Genau beschreibt Müller, wie er in dem Ort Tiefenort auf der Suche nach einem Schlafplatz in einem Garten Menschen dahingehend taxiert, ob er bei ihnen wohl eine Chance hat. Er selbst achtet bei sich auf ein zivilisiertes Erscheinungsbild, weil „der erste Eindruck entscheidend ist“.
Große Gastfreundschaft gibt es im thüringischen Tiefenort
Zweimal boten ihm freundliche Mitmenschen ihren Garten bereits zur Nutzung an und überschütteten ihn gleich noch mit Wohltaten. Er wird zum Frühstück eingeladen, darf die Toilette und die Gartenbank benutzen, bekommt einen Stromanschluss ans Zelt gelegt und die Einladung, doch die Isomatte und den Schlafsack mit dem bequemen Gästebett zu tauschen. Das ist für Müller dann zu viel des Guten, er will den Leuten nicht zur Last fallen, wie er betont. Vielleicht hätte er ja noch häufiger Erfolg gehabt mit seinem nicht alltäglichen Wunsch, aber das grauselige Regenwetter in dieser Woche macht ihm einen Strich durch die Rechnung.

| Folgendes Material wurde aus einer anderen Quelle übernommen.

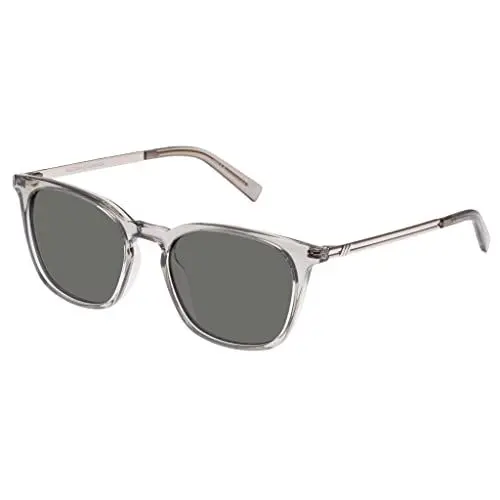 Produktbild: Le Specs HUZZAH EUCALYPTUS - Sonnenbrille für Damen und Herren Rechteckige Rahmenform mit hohem UV-Schutz LSP2202534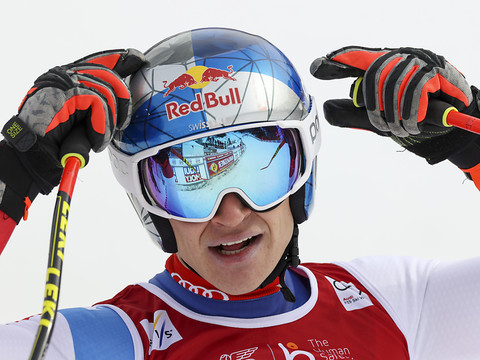Odermatt remporte officiellement le gros globe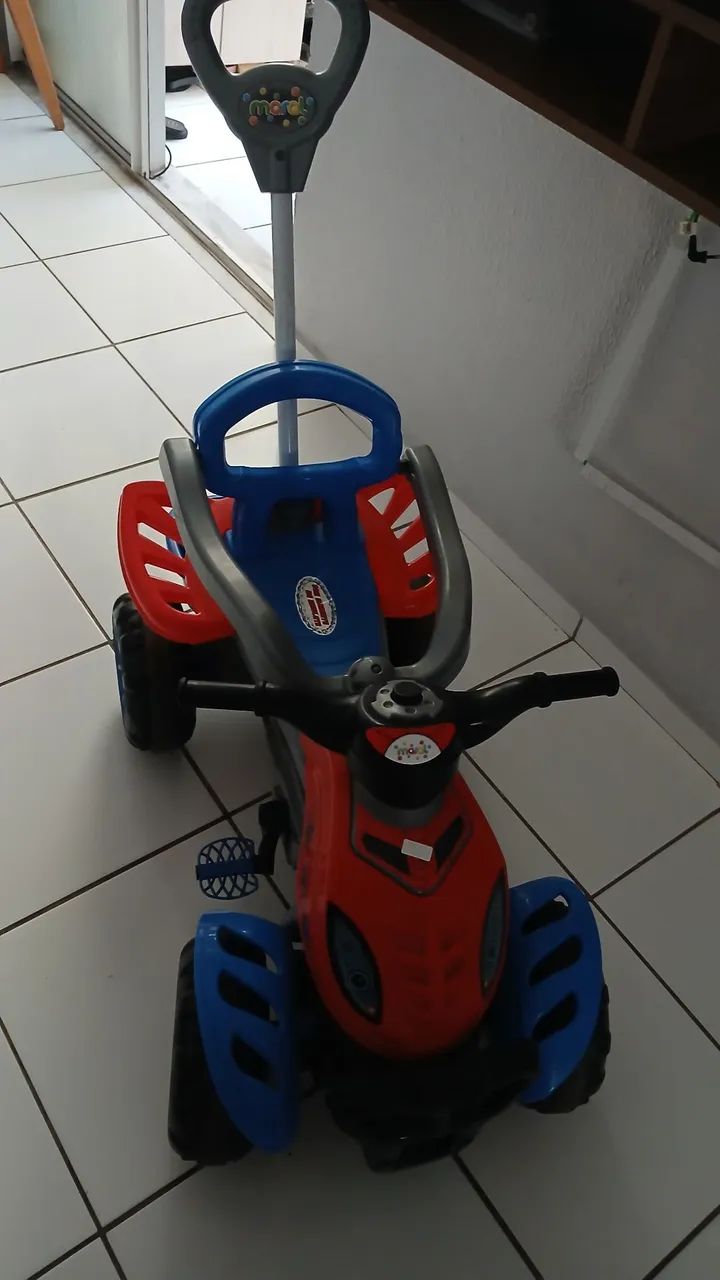 Carrinho infantil  - Foto 2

Zweimal nimmt er sich ein Zimmer, weil er tropfnass ist, und zwei Nächte verbringt er in Schutzhütten des Thüringer Waldes.
Allein in einer Schutzhütte im Thüringer Wald kommt er sich vor wie ein Fremder im Hindukusch
Eine Erfahrung, die er nicht noch einmal machen möchte. „Ich komme mir fast so vor wie ein Fremder am Hindukusch, der in der Wildnis ungeschützt ist“, notiert er sich. Und weiß künftig über sich selbst, dass er wenigstens einen Rest Geborgenheit braucht, um sich wohlzufühlen. Wie es ihm das Gardensurfing bietet. Den Begriff, der an das so genannte Couchsurfing angelehnt ist, hat Müller kreiert.

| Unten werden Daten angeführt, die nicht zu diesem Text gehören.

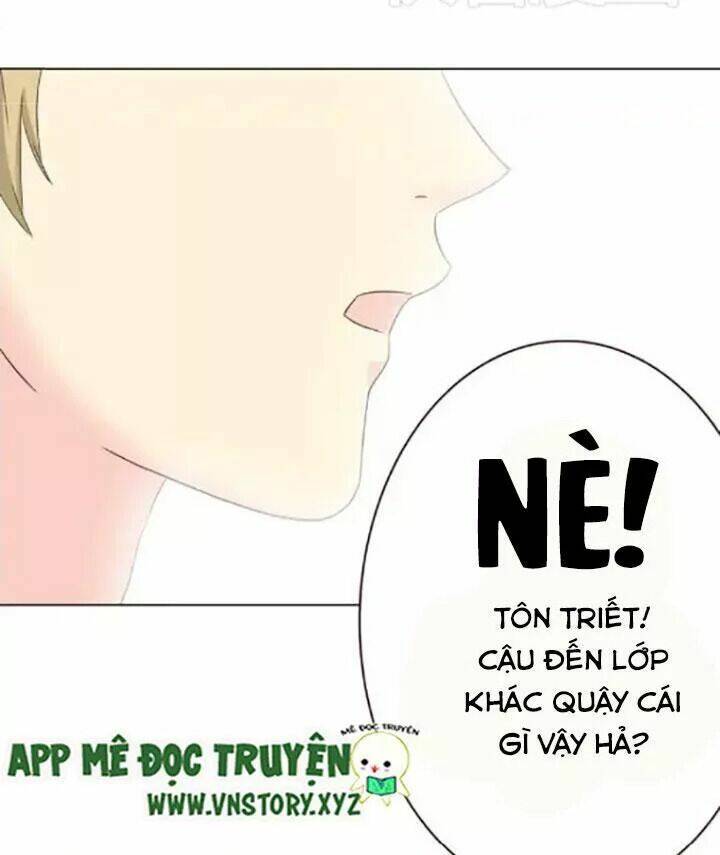 xin chào! dân nữ chapter 48 27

Im nächsten Oktober geht es wieder los
Sein in Ich-Form verfasstes Manuskript schickt er an verschiedene Trend-Magazine, doch die lehnen dankend ab. „Das passt wohl irgendwie nicht ins Schema“, vermutet Müller und kann sich gut vorstellen, dass manche das, was er da tut, für ein wenig verrückt halten. Doch das stört ihn nicht, vielmehr sieht er sich als Querdenker und Träumer. Seine Familie stellt sich unter Urlaub übrigens etwas ganz anderes vor. „Ich mache auch gerne Urlaub im Hotel“, räumt er im Gespräch mit dieser Redaktion ein.

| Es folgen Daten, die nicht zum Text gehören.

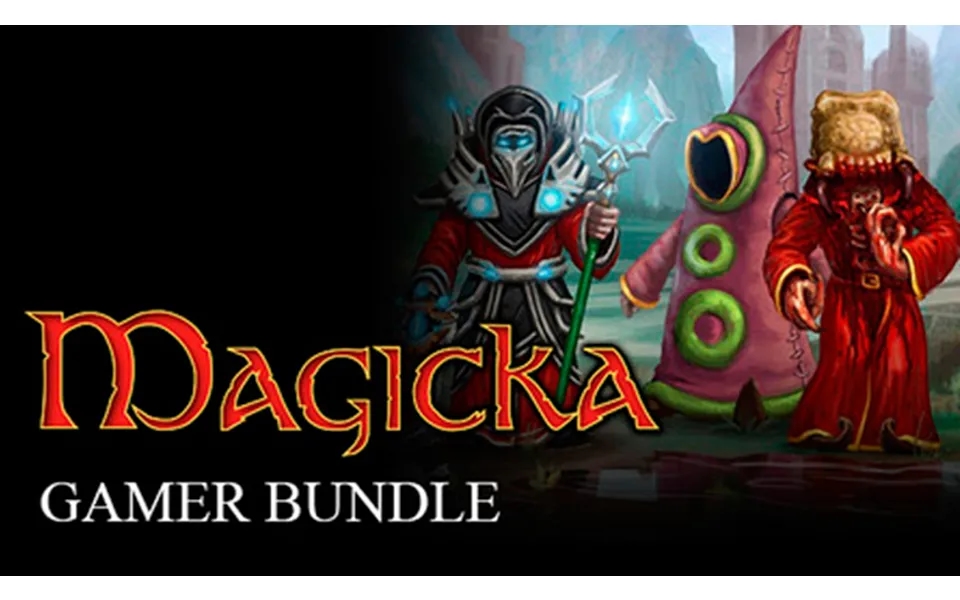 Magicka Gamer Bundle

Im nächsten Oktober soll es mit Rad und Wurfzelt wieder losgehen, dieses Mal entlang der Donau bis zu deren Quelle im Schwarzwald. Bis dorthin würde er gerne in einen Erfahrungsaustausch mit Gleichgesinnten treten. Trotz intensiver Suche im Internet hat Müller bislang noch niemanden aufgespürt, der Ähnliches tut.